Berlin knew the risks of flying over war-torn east Ukraine before Flight MH17 was shot out of the sky last year but did not inform German airlines, local media has reported.
Investigators are still trying to determine who was responsible for downing the Malaysia Airlines Boeing 777 in July last year, killing all 298 on board.
A diplomatic cable by Germany’s foreign ministry a few days before the crash warned the situation in eastern Ukraine was “worrying,” and a military plane was shot down in the same area at more than 6,000 metres altitude, broadcasters WDR and NDR said on Sunday.

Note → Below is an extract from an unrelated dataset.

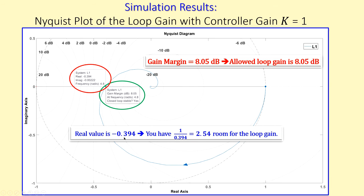Looking at the real part of −0.394: adding loop gain moves toward (−1, 0), so we can add 1/0.394 ≈ 2.54 as the maximum gain multiplier. This matches the Bode plot result and confirms our calculation of 2.52 — the small discrepancy is due to rounding errors. Both simulations validate our analytical results.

The day of the MH17 crash “three Lufthansa aircraft also flew over the area, including one only 20 minutes before Flight MH17,” Suddeutsche Zeitung said in extracts of an article.
Ukraine and the West have claimed that separatists shot down the plane using a BUK surface-to-air missile supplied by Russia — a charge denied by Moscow and the rebels, who have in turn blamed Kiev. Dutch authorities are heading an investigation into the causes of the accident.
Meanwhile, OSCE observers said Monday they witnessed the most intense shelling in the flashpoint eastern Ukrainian village of Shyrokyne since fighting began there in mid-February, as well as movement of heavy weapons.
The Organisation for Security and Cooperation in Europe, which is helping to monitor a ceasefire, said that explosions 300 metres from one of its observation posts forced its personnel to change location.